In fact, McLean’s warnings of collapse are based on such weak arguments and are so half-hearted that she’s grudgingly conceding the secular change in world energy markets that’s occurring. A private equity investor (“titan”) suggests “…the Federal Reserve is entirely responsible for the fracking boom.” Really? Did the Fed buy energy sector bonds? Are low interest rates failing to benefit any other sector? In 2016, non-investment grade bond yields for some energy names reached 25%. Although there were bankruptcies, the industry survived as assets moved from weak hands to strong. She also finds some bearish hedge fund managers who have lost money shorting shale drillers. If these are the best arguments for another crash in the U.S. energy sector, investors have little to fear. In fact, the weakness of McLean’s arguments against Shale offered a more convincing defense of its longevity than many authors who set out to do just that.
As is often the case, the characters are most interesting. Although McLean relies heavily on past writings on Chesapeake founder Aubrey McLendon, it’s still absorbing to reread about his enormous risk appetite. McLendon’s fiery death while driving alone two years ago looked like suicide, given his mounting financial and legal problems, but it was ruled an accident. The industry lost a colorful believer whose single-minded approach was financially unsuccessful. By contrast, the methodical, analytical approach of companies like EOG demonstrates that the resurgence of hydrocarbon production in the U.S. is not driven by leveraged operators that are permanently bullish.

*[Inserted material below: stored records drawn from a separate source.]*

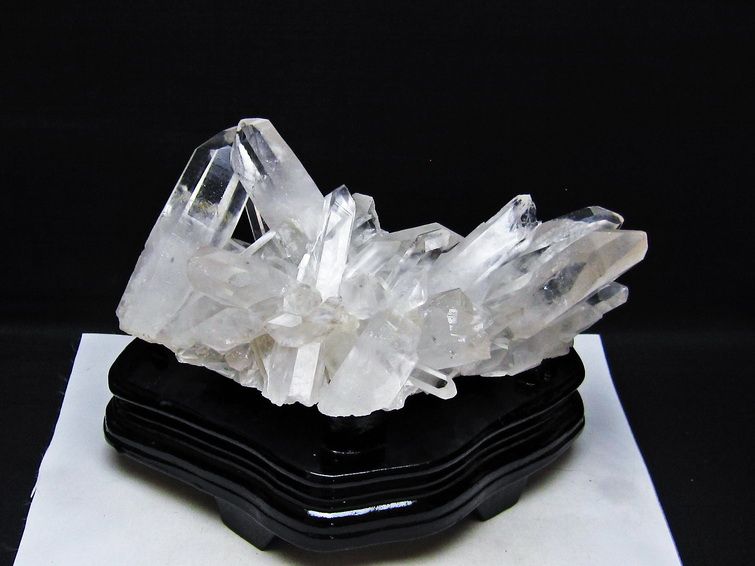 2.6Kg 水晶 クラスター マダガスカル産 台座付属 水晶 原石 192-779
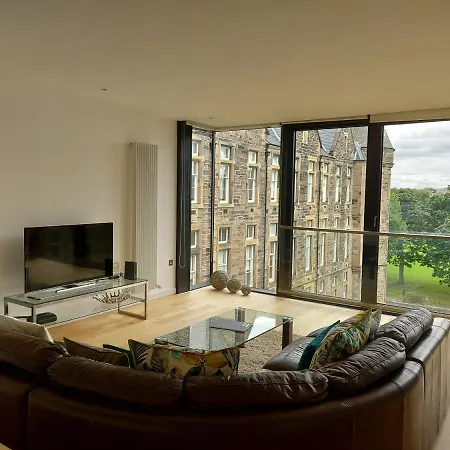Quartermile Luxury Landing Edinburgh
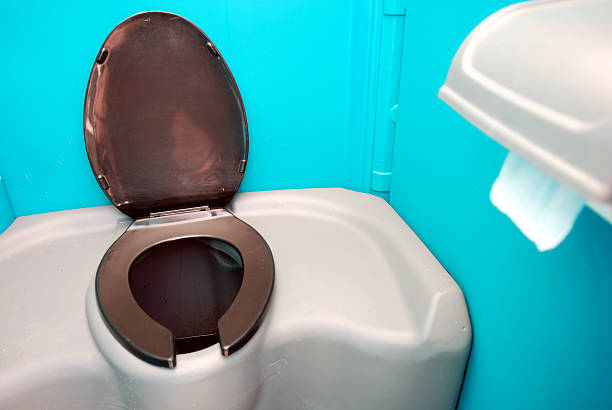 Portable Toilet Options We Offer in Village Of Four Seasons, MO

Shale firms have long been criticized for outspending their cashflow. The industry’s continued access to capital demonstrates that many expect this to reverse. The world’s biggest oil companies, like Exxon Mobil, are now investing in shale, bringing financial discipline and less reliance on capital markets financing, exactly what McLean believes is needed.
You have to work pretty hard to find a downside to American Energy Independence. It’s a bit like complaining about an outsized capital gains tax bill. Shale is pretty obviously an enormous U.S. benefit; less clearly good for others. Nonetheless, McLean tries to get us worried: if we buy less oil from unstable parts of the world, we’re less likely to care about their security. That’s not obviously bad for our young men and women in the military.

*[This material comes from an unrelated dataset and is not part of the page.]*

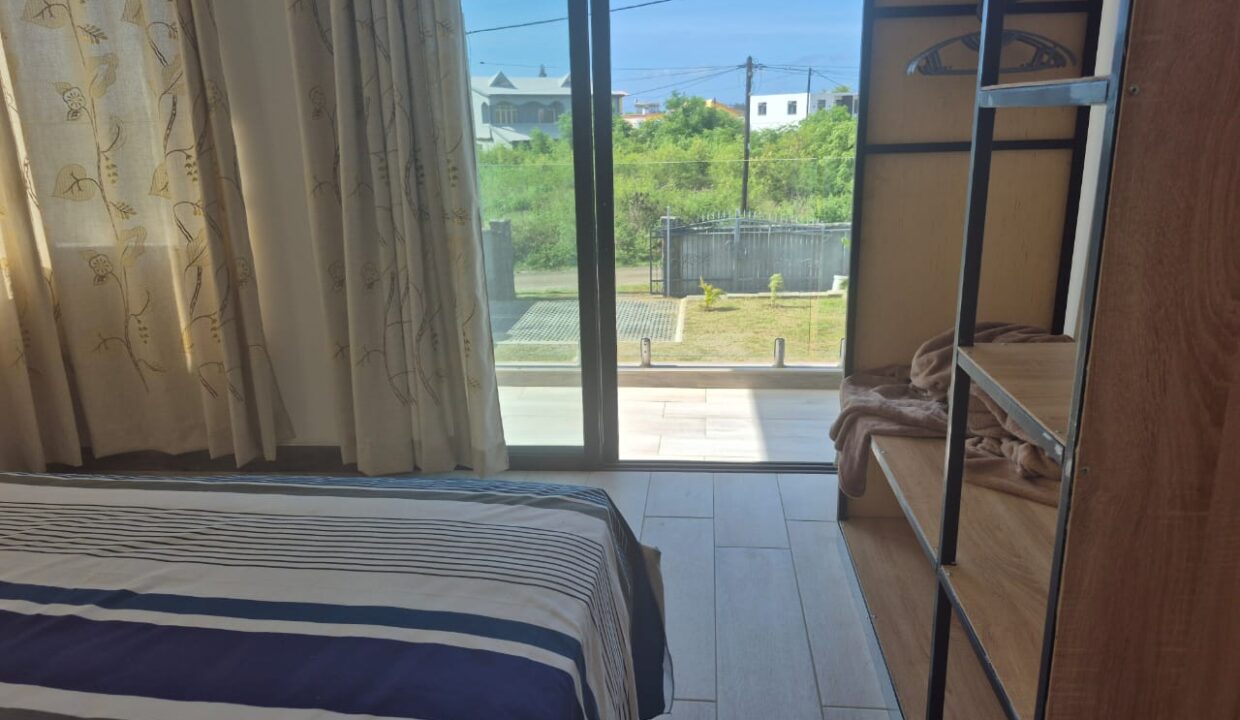 5 bedroom furnished house with large yard for rent Pereybere (6)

McLean fears that the Trump Administration’s desire to drill for oil in the Arctic National Wildlife Refuge (ANWR), “…will crater prices, thereby making the economics of drilling even less attractive than they already are.” Little thought went into that sentence – there are reasons to leave ANWR alone, but crashing the oil market is not one of them. This is where the real McLean emerges – as an environmentalist opposed to fossil fuels, trying to marshal non-environmental arguments against.
Having made a convincing if unintended case that financial challenges will not derail America’s energy renaissance, McLean then warns that renewables will soon bring its demise. But even here, she makes a strong argument for natural gas as a complement to intermittent solar and wind. She quotes Michael Cembalest, JPMorgan’s thoughtful chief strategist, who wrote that, “An electricity grid with less coal, less nuclear, and more renewable energy would be highly dependent on abundant, low-cost natural gas.” We completely agree.
The short-cycle nature of shale production is its enormous strength, something McLean overlooks. Predicting long term demand for crude oil is never easy, but the development of electric cars makes it exceptionally risky to invest in projects with a 20 year payback, which is what conventional oil projects look like. Shale production relies on drilling hundreds of wells that cost under $10MM each. Output declines sharply from a high rate, but capital invested is repaid quickly, often within two years. Output can be hedged in the futures market. If prices drop, drillers stop completing new wells. This quick payback offers a substantially better risk profile, something the industry recognizes. It’s why capital continues to flow in that direction (see Why Electric Cars Help the Shale Revolution).
Saudi America is a quick read – at only 138 pages, I finished it in around four hours. You won’t gain many insights, but as a chronicle of why the Shale Revolution will continue to transform energy markets, it’s worth a quiet afternoon.